Management Discussion
- Net income totaled $48.2 million in 2023, down by 33% from the $71.7 million reported in 2022. Results in 2023 were impacted by steep increases in market interest rates and declines in wealth management and mortgage banking revenues.
- The decline in net interest income in 2023 was driven by increased funding costs, which offset the benefit of higher yields on, and growth in, average interest-earning asset balances. The decline in noninterest income reflected lower wealth management asset-based revenues and lower average AUA balances, attributable to client asset outflows concentrated in the fourth quarter of 2022. The decline in noninterest income also reflected lower mortgage banking revenues, as higher market interest rates have dampened mortgage activity.
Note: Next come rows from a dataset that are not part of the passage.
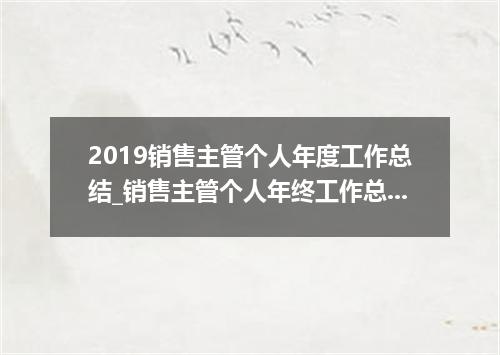2019销售主管个人年度工作总结_销售主管个人年终工作总结5篇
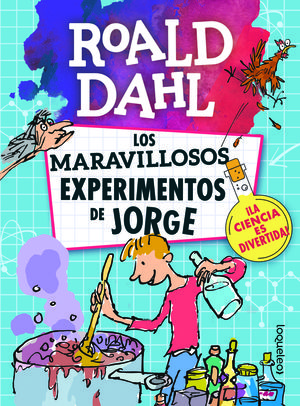 MARAVILLOSOS EXPERIMENTOS DE JORGE, LOS.(ROALD DAH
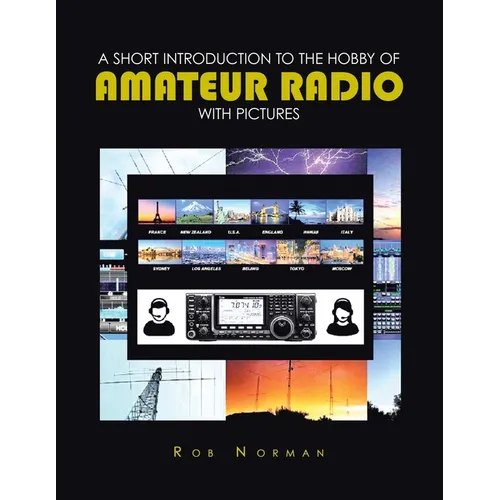 A short Introduction to the hobby of Amateur Radio with Pictures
The provision for credit losses reflected loan growth and slowdown of loan prepayment speeds, changes in asset and credit quality, and reflected our estimate of forecasted economic conditions. The increase in noninterest expenses reflected higher FDIC deposit insurance costs and increases in various categories of noninterest expenses, partially offset by a decrease in salaries and employee benefits. Income tax expense declined in 2023, largely reflecting a lower level of pre-tax income and a net $3.3 million reduction of income tax expense resulting from the revaluation of the Corporation’s net deferred tax assets.
- Net interest income, the primary source of our operating income, totaled $137.1 million and $156.0 million, respectively, for 2023 and 2022. Net interest income is affected by the level of and changes in interest rates, and changes in the amount and composition of interest-earning assets and interest-bearing liabilities. Prepayment penalty income associated with loan payoffs is included in net interest income.